Matthew’s allegories can interfere with our work of using the parable to see ourselves if we think his is its only meaning. Jesus’ parable itself may touch us today in new ways.
- What did you hear in the parable of the weeds and wheat before you heard Matthew’s explanation?
In the context of Jesus’ ministry, the parable of the weeds and wheat addresses the many who criticize Jesus for eating with outcasts and sinners. By eating with those whom others judge to be sinners, Jesus extends God’s salvation to everyone. “Let God sort out who is worthy of the kingdom,” the parable implies. There may be some real surprises at the final curtain call!

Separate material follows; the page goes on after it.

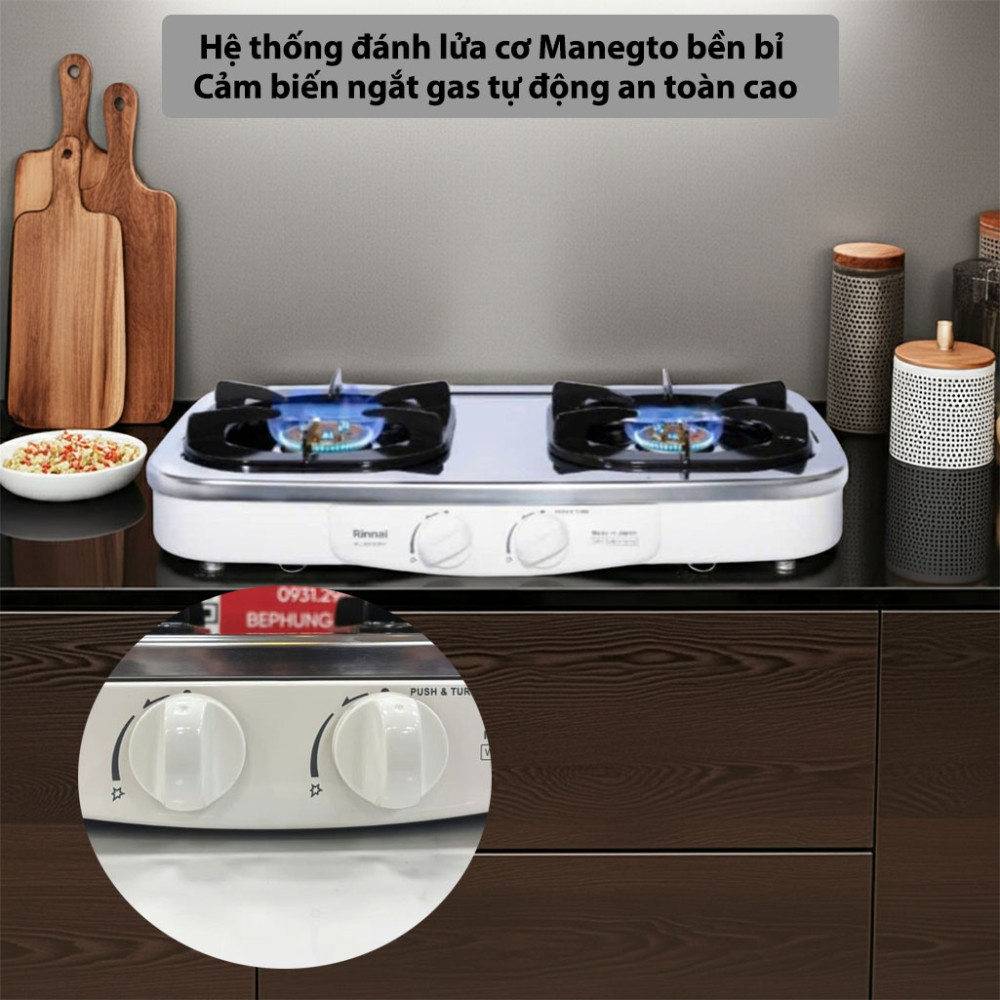 Bếp gas dương Rinnai RJ-554S(SV) hệ thống đánh lửa Manegto siêu bền bỉ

Matthew reflects his own community’s disappointment that relatively few Jews embraced Jesus and joined the Christian community. Matthew’s explanation calls the community to interiorize the patience of God. God’s ways and God’s time are often not our ways and our time. The reign of God will come in its own time.
In his apostolic exhortation, The Joy of the Gospel, Pope Francis teaches his pastoral approach. “Time is greater than space,” he writes, giving priority to processes that build and develop communities over time and that allow time for healing and grace in relationships and families. “Unity is greater than conflict,” he insists. “The Spirit can harmonize every diversity.” Most of us recognize we so often magnify differences when we have more in common than divides us. A friend wears a sweatshirt that says, “I get plenty of exercise jumping to conclusions, pushing my luck, and dodging deadlines.”
- What judgments about yourself, other people, or about the Church have you made that proved wrong? What changed your perception?

Each of Sunday’s parables describes the kingdom of heaven. In the mustard seed and leaven parables, size and growth are important. A mustard seed is very small in comparison to the size of a grown six-to-eight foot plant! Jesus uses the mystery of how a small seed becomes so big to suggest the living power of God’s kingdom that has its own time and great promise in growing.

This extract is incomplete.